American department store Kohl’s has talked up its “single biggest initiative” of the year: taking in and processing returns of products bought from Amazon, in an effort to bring customers into its more than 1,100 stores around the country.

In a statement, the company announced that it would begin rolling out the returns service to all its stores following a trial across 100 stores. “The nationwide rollout of the Amazon Returns program is our single biggest initiative of the year,” said CEO Michelle Gass.

“Our top strategic priority is driving traffic, and this transformational program does just that. It drives customers into our stores, and we are expecting millions to benefit from this service.”

“The dream,” Cowen retail analyst Oliver Chen told the New York Times, “is that it’s a fair but attractive split where that shopper will come in and purchase other items.” He added that the marriage offered the department store a new source of traffic while giving Amazon a broad and convenient network of return stations.

Speaking to the New York Times, Gass added that Kohl’s Amazon bet was based on data from the trial that showed the strategy’s ability to bring in “a new consumer, and we’re bringing in a younger consumer.”

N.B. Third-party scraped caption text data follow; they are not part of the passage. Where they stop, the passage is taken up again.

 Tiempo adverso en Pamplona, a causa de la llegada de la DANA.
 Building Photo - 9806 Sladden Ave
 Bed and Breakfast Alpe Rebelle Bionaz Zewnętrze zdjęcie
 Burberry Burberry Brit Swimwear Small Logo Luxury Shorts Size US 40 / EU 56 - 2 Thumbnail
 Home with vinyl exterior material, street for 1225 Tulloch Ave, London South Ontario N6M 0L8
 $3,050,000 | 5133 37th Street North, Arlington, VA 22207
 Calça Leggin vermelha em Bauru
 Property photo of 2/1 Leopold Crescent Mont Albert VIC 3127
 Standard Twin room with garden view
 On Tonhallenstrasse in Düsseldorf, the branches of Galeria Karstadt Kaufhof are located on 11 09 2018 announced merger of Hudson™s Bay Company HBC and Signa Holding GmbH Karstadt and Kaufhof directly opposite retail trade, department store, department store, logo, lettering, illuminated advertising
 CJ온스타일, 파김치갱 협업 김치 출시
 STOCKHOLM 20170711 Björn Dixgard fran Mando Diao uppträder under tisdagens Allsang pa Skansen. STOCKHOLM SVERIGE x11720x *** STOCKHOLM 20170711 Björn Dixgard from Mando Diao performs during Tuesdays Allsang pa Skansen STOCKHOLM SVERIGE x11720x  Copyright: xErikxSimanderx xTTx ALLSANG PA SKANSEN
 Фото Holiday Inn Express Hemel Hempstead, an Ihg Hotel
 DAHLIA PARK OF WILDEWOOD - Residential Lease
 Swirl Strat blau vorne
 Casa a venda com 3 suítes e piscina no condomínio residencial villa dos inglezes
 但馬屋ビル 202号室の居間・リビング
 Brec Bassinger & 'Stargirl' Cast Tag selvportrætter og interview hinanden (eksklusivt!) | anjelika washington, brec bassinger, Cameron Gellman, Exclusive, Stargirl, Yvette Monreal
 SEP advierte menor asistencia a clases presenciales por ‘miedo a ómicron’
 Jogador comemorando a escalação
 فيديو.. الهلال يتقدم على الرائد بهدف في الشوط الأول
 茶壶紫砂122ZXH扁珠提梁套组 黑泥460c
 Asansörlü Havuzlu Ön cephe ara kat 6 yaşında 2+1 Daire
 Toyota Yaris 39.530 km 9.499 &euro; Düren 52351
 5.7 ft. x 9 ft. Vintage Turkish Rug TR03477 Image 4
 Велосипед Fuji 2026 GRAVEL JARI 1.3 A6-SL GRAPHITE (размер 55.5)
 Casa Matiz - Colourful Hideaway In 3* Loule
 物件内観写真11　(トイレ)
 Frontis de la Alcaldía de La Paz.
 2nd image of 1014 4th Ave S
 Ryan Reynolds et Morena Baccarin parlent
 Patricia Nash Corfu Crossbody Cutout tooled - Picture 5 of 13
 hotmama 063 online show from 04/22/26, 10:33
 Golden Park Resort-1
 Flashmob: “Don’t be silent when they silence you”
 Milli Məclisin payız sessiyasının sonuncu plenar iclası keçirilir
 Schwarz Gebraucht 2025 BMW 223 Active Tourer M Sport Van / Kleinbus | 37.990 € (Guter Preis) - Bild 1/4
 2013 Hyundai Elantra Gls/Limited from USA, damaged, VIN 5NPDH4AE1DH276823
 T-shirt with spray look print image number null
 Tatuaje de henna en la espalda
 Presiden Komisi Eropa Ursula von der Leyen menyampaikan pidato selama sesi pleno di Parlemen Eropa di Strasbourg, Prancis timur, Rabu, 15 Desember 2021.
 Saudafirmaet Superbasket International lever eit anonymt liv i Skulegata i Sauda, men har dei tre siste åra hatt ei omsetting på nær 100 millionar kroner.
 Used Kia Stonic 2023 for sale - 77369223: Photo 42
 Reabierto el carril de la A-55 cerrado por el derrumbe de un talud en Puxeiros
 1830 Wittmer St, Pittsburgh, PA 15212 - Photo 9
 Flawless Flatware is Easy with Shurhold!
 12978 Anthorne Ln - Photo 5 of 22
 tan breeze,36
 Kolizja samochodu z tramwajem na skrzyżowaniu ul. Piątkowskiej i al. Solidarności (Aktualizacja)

Despite the fact that Amazon’s home market of the US is its most developed, an owned physical presence on the scale of Kohl’s – for relatively complex processes such as returns – would have proved expensive.

In other markets, a physical presence has proved fundamental to the growth of e-commerce. In Brazil, for instance, the nationwide store Magazine Luiza has created an online business to rival Amazon’s in the country, by leveraging an extensive physical network.

The news follows other traditionally out-of-town, big-box retailers looking for new ways to survive. Some, in the case of the clothing retailer Nordstrum, and furniture giant IKEA, are moving to smaller stores in city centres. Again, this strategy situates the online retail experience at the core of both companies’ overall plans, as they offer a new avenue for pick-up and returns.

Meanwhile, both Amazon and Kohl’s returns model indicates a new way of understanding online retail. As the British retailer John Lewis has observed, returns used to be regarded as a sign of failure to convert, but especially in the apparel category they are merely a by-product of a new way for consumers to try multiple sizes.

At the same time, Kohl’s has been working to make its physical spaces more attractive to consumers looking to fulfil several errands in one trip by leasing space to Planet Fitness and the grocery chain Aldi. The Amazon deal can be read as a continuation of this idea.